El 23 de septiembre pasado decíamos en este espacio que "la guerra del 2006 llega a la Corte". Lo sucedido en las semanas posteriores parece confirmarlo plenamente. Andrés Manuel está moviendo sus fichas para, si se dan las cosas no gobernar a partir del 2006 con un poder judicial opuesto a su mandato (que es lo mismo que hicieron, por ejemplo, Hugo Chávez o Néstor Kirchner).A fin de año se deben realizar dos reemplazos en la Corte: dejan su responsabilidad los ministros Juventino Castro y Castro y Vicente Aguinaco. Su reemplazo alterará el actual equilibrio de poder en la Corte. Allí en la cabeza del supremo órgano de justicia de la nación, cada día parece más clara la existencia de dos tendencias enfrentadas: por una parte, el actual presidente Mariano Azuela y por la otra el ex presidente y actual ministro Genaro David Góngora Pimentel. Ya han tenido varias diferencias públicas: sobre el salario de los ministros y sus pensiones, sobre quiénes deben ser los sucesores de Aguinaco y Castro, respecto a qué tipo de poder judicial se requiere y, obviamente, en el terreno político, respecto a cómo ubicarse en él.

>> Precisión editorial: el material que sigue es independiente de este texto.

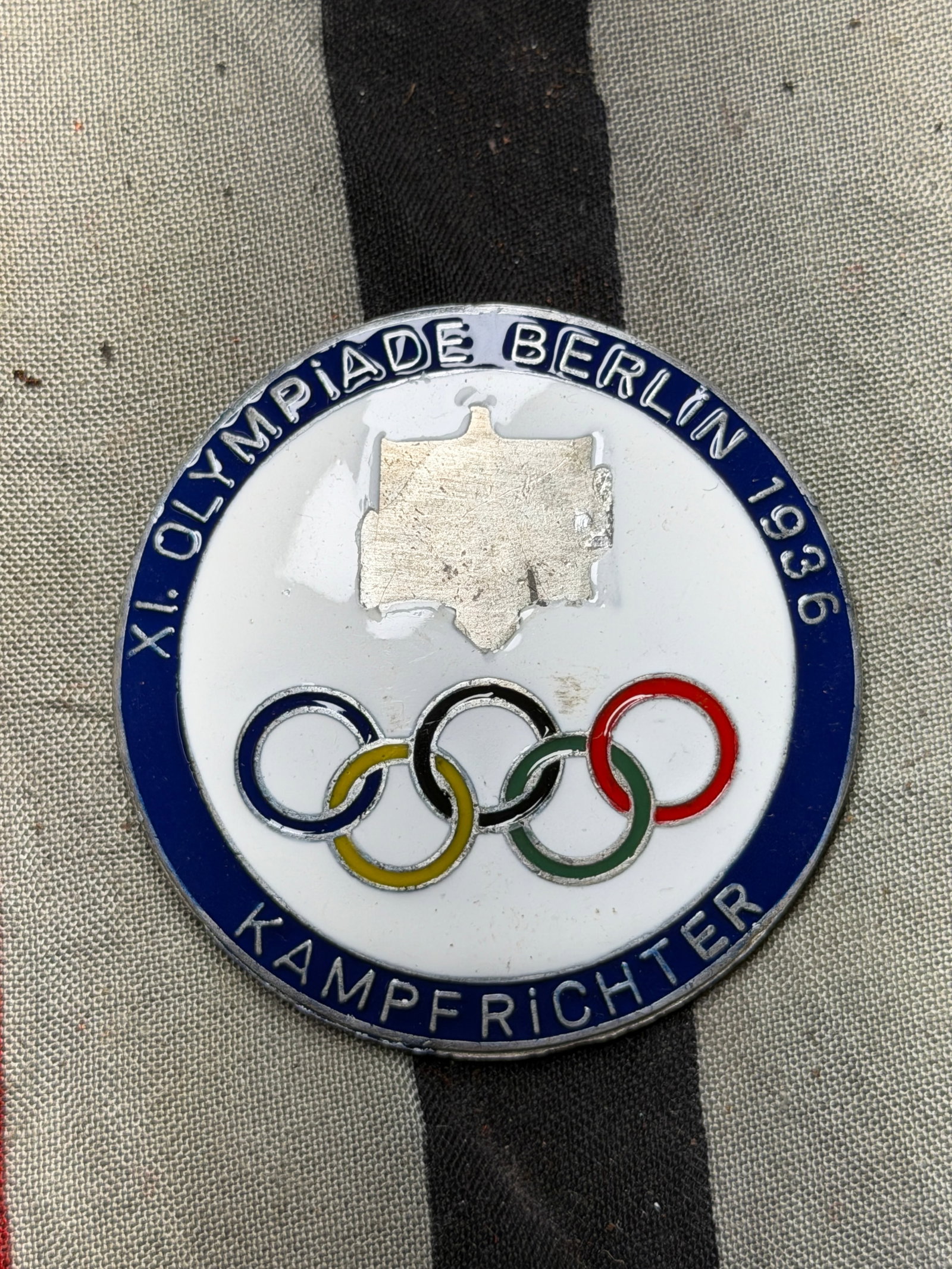 WW2 German Official Judge’s Badge — XI Olympiad, Berlin 1936 By Ges. Gesch.: WW2 German Official Judge’s Badge — XI Olympiad, Berlin 1936 By Ges. Gesch. This circular enameled metal badge, approximately 2.25 inches (5.7 cm) in diameter, was issued to Kampfrichter (competit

A Góngora Pimentel le tocó el caso, muy controvertido, del consejo de información del DF y el ministro ordenó suspender el procedimiento de instalación de dicho consejo en forma coherente con la demanda de López Obrador. Aquí mismo dijimos que el ministro Góngora había desayunado en por lo menos una oportunidad con el jefe de gobierno, cuando ese caso estaba en proceso, y que en una entrevista con Milenio Diario había reconocido ser su amigo. Para algunos juristas, esos dos hechos habrían inhabilitado a Góngora para tratar el caso del consejo de información y cualquier otro relacionado con el jefe de gobierno. El propio Góngora Pimentel ha desestimado por completo esa posibilidad y si bien reconoce que sí se ha reunido con el jefe de gobierno y que tiene trato con él, está lejos, dice, de ser una amistad demasiado cercana como para impedirle tratar temas relacionados con el gobierno de la ciudad. Y probablemente es así.
Pero ello no subsana las obvias diferencias existentes entre Azuela y Góngora y, aparentemente, sus diferentes apuestas políticas. O mejor dicho, las apuestas que hacen los políticos sobre las repercusiones ulteriores de esas diferencias. E insistimos en un punto, a López Obrador no le disgustaría en absoluto que en enero de 2007, si él es elegido unos meses antes presidente, regresara a la presidencia de la Corte, un hombre como el ministro Góngora Pimentel. Y buena parte de ello, aunque parezca un futurismo excesivo, se está jugando en estos días, con los reemplazos de los ministros Aguinaco y Castro y con la conclusión de este debate más político que judicial, del jefe de gobierno con el presidente de la Corte.